When I execute this SQL (where c.client_id = 1), everything seems fine:
explain
select *
from client c
join file f using (client_id)
where c.client_id = 1;
Partition pruning is used, only the partition file_p1 is scanned:
Nested Loop (cost=0.00..3685.05 rows=100001 width=82)
-> Seq Scan on client c (cost=0.00..1.02 rows=1 width=29)
Filter: (client_id = 1)
-> Append (cost=0.00..2684.02 rows=100001 width=57)
-> Seq Scan on file_p1 f (cost=0.00..2184.01 rows=100001 width=57)
Filter: (client_id = 1)
But when I use a where clause like "where c.client_name = 'test'", the database scans in all partitions and does not recognize, that client_name "test" is equal to client_id 1:
explain
select *
from client c
join file f using (client_id)
where c.client_name = 'test';
Execution plan:
Hash Join (cost=1.04..6507.57 rows=100001 width=82)
Hash Cond: (f.client_id = c.client_id)
-> Append (cost=0.00..4869.02 rows=200002 width=57)

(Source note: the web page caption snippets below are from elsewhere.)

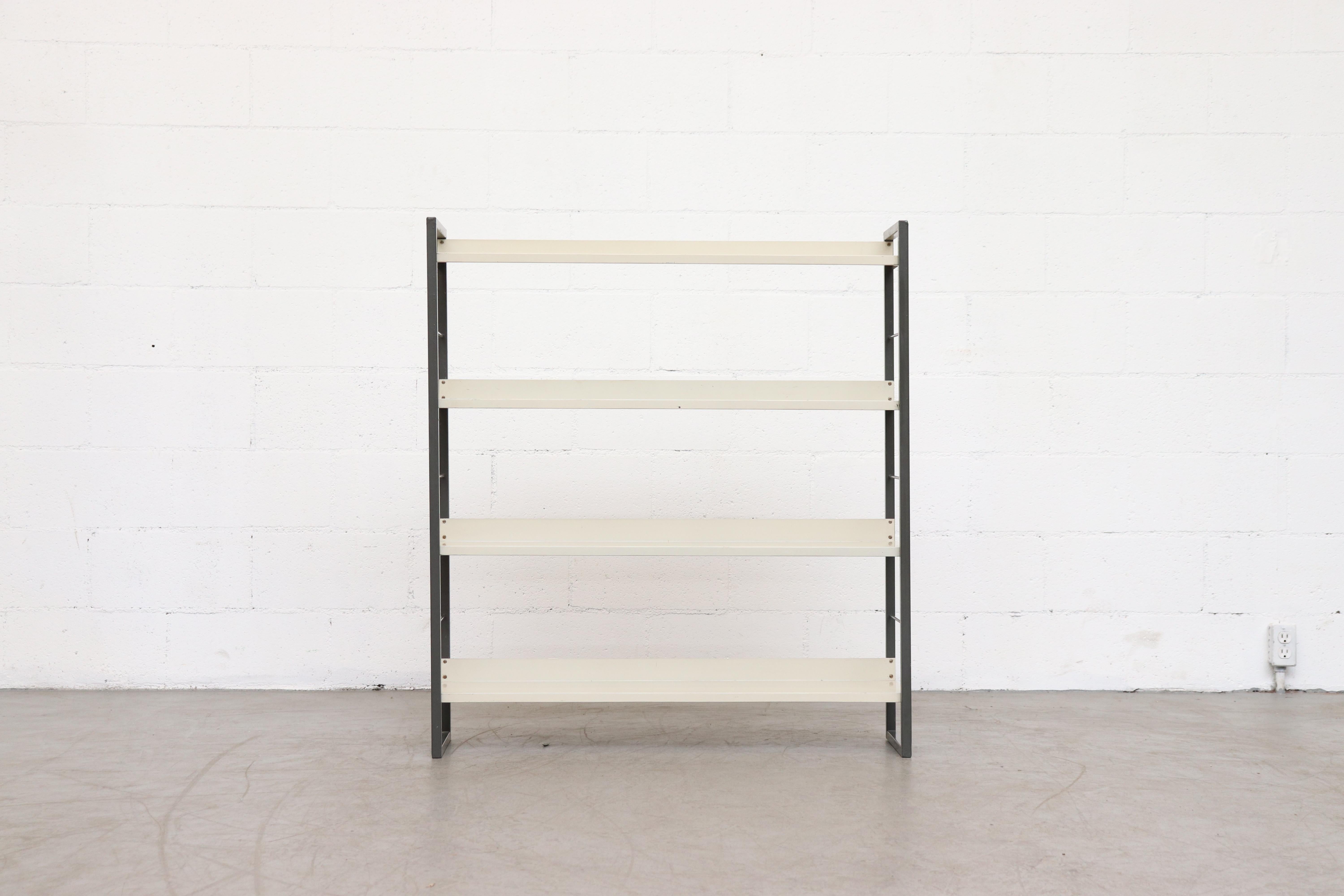 Industrial Tomado enameled metal shelving unit. Charcoal grey enameled metal frame with 4 ivory sheet metal shelves. In good original condition with visible signs of wear including minimal denting, scratching and surface rust, all consistent with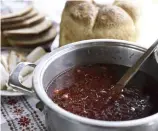  ?? Yomiuri Shimbun photos ?? Left: Volunteers prepare the ingredient­s to make borscht for sending in packages to soldiers on the front lines in IvanoFrank­ivsk, Ukraine, in early July. Above: Borscht simmered in a pot
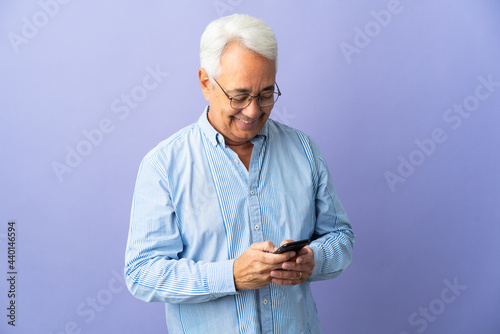 Middle age Brazilian man isolated on purple background sending a message with the mobile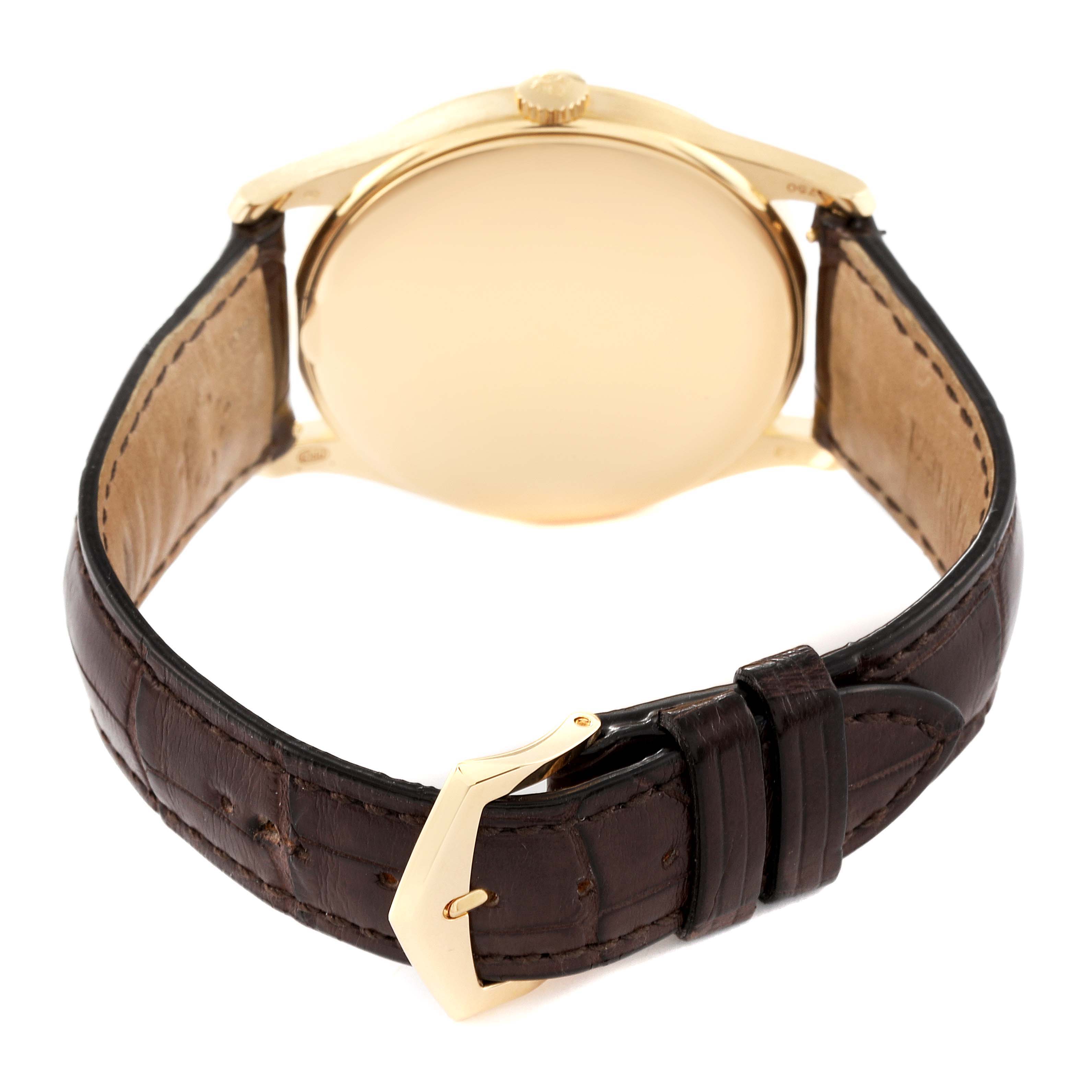 The image shows the back view of a Patek Philippe Calatrava 5196J Men's Yellow Gold Silver Dial 5196J Men's Yellow Gold Silver Dial watch, highlighting the case, crown, and leather strap with a gold buckle.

-> Seq Scan on file_p1 f (cost=0.00..1934.01 rows=100001 width=57)
-> Seq Scan on file_p4 f_1 (cost=0.00..1934.00 rows=100000 width=57)

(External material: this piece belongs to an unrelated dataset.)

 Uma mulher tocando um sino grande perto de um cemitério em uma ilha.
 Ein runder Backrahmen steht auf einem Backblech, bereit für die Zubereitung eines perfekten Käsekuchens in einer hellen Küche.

-> Seq Scan on file_pdefault f_2 (cost=0.00..1.00 rows=1 width=556)
-> Hash (cost=1.02..1.02 rows=1 width=29)
-> Seq Scan on client c (cost=0.00..1.02 rows=1 width=29)
Filter: ((name)::text = 'test'::text)
So for this SQL, alle partitions in the file-table are scanned.
So should every select use the column on which the tables are partitioned by? Is the database not able to deviate the partition pruning criteria?
Edit: To add some information:
In the past, I have been working with Oracle databases most of the time.
The execution plan there would be something like
- Do a full table scan on client table with the client name to find out the client_id.
- Do a "PARTITION LIST" access to the file table, where SQL Developer states PARTITION_START = KEY and PARTITION_STOP = KEY to indicate the exact partition is not known when calculating the execution plan, but the access will be done to only a list of paritions, which are calculated on the client_id found in the client table.
This is what I would have expected in Postgresql as well.